Consider reading the information regarding the Rocheteau's in Haiti [St. Domingue] which I believe is relevant and important.
Marie Carmelite Beaudouin's lineage can be documented much further than her husband's. Primarily of French descent with ancestors coming from France and from Canada via Arkansas, she can on her mother's side also claim a Native American great-grandmother. The verifiable story concerning her great grandmother's heritage may account for a family tradition of an ancestor who was an "Indian princess".
Her ancestor, René Beaudouin of Quebec (born 1645) married Marie Raclos (born 1656) and moved to Gentilly, Canada where their son, René, Jr. was born 7 August, 1684.
René Beaudouin Jr. married Jacqueline Poisson (born 20 April, 1690) at Gentilly 28 April 1710. Their son, François Pierre Beaudouin was born circa 1715 in Gentilly. René Jr., it seems, died about the year 1761.
François Pierre Beaudouin traveled southwards from Canada towards the mouth of the Mississippi where along the way he met and married Marianne (Cecille) Bontemps (aka Bonton) of the Arkansas Territory. Marianne was the daughter of Pierre Cicille Bonton and Françoise Botson Bonton. When in 1776 her husband François Beaudouin died, Marianne remarried, this time to Pierre Cazeau of Natchitoches in 1786 (see NATCHITOCHES Abstracts of the Catholic Church Registers of the French and Spanish Post of St. Jean Baptiste des Natchitoches Louisiana: 1729-1803, by Mills, # 1478)
Marianne and François Pierre Beaudouin married and made their home at Poste du Rapides. Among their many children was Jean Nicolas Beaudouin who was born at Rapides in the year 1771.
Jean Nicolas Beaudouin married Marie DesNeiges Malbert - (the following from item 78 of Winston DeVille's Marriage Contracts Natchitoches 1739-1803): Book XXV, page 2553 - September 9, 1794 Nicolas Baudoin - 23 years old; native of Rapides and baptized at Natchitoches; son of François Baudoin and Marianne Bontemps and Marie Des Neiges - native of Natchitoches; daughter of Jean Baptiste Malbert and Jeanne Verger. Witnesses for the grooom: Marianne Bontemps, his mother; Pierre Baudoin, his oldest brother. Witnesses for bride: Jeanne Verger, her mother; Jacques Fort, her beau-frère; Jean Baptiste Lattier, her cousin.

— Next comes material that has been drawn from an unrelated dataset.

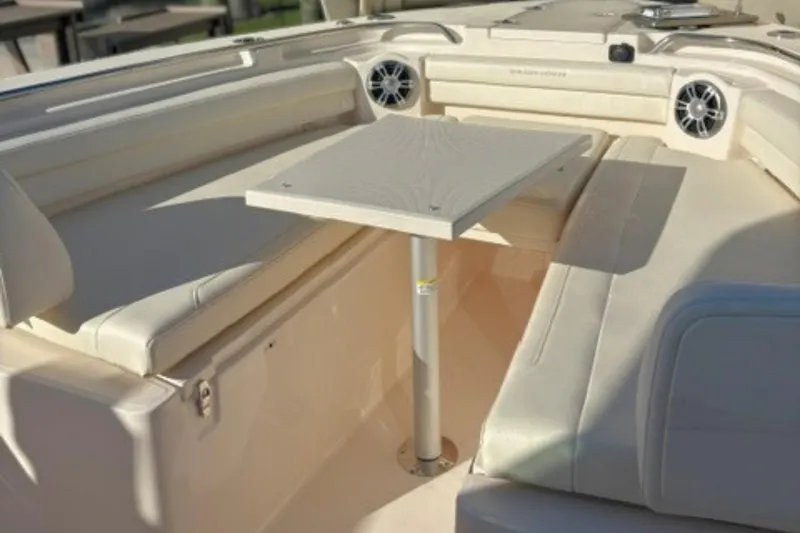 Slide: The Image of 2025 Grady-White Canyon 336 boat interior with seating and table. - 22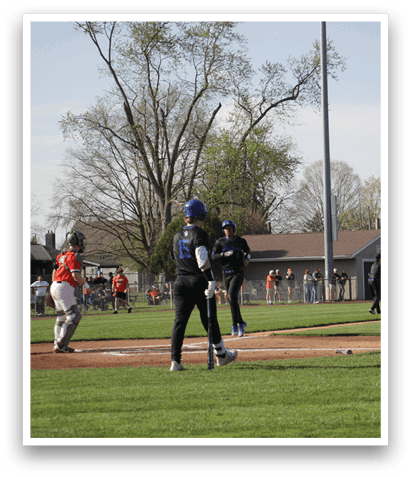 A group of people are playing baseball on a field. AI generated content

Marie DesNeiges Malbert's parent's marriage record in 1753 reads as follows from Mills, Item 728, page 89:
JEAN BAPTISTE MALBERT dit SANS FACON AND JEANNE VERGER - July 18 1753, after three bans, marriage of Jean Baptiste Malbert dit "Sans Facon", soldier, native of Bouge in France, diocese of Vezon, legitimate son of Jean Baptiste Malbert and of Françoise Dormoy, natives of the same parish…and…Jeanne Verger, native of this parish, legitimate daughter of deceased (Joseph) Verger [note: Joseph Verger died 20 April 1753, three months earlier, see Mills, item 766]native of Paris, parish of St. Benoist, and of Angelique Dumond. Witnesses: Gaspar Debanne, Coutet, Antoine Despres, Trichely, du Fre___. Bride also signed.
The births and baptisms of their children were recorded by the priest in Natchitoches. One such record included: - Marie Carmelita Beaudouin, born 23 December, 1796 and baptized 11 June 1797 the legitimate daughter of Jean Nicolas Beaudouin and Maried DeNeige Malbert. Godparents: Joseph Rabalai and Marie Poissot. Grandparents: Pierre Beaudouin and Marie Bontems; Jean Baptiste Malbert and Jeanne Verger. (Mills, #2834)
The Indian Princess: Marie Carmelite's Great Grandmother "Angelique"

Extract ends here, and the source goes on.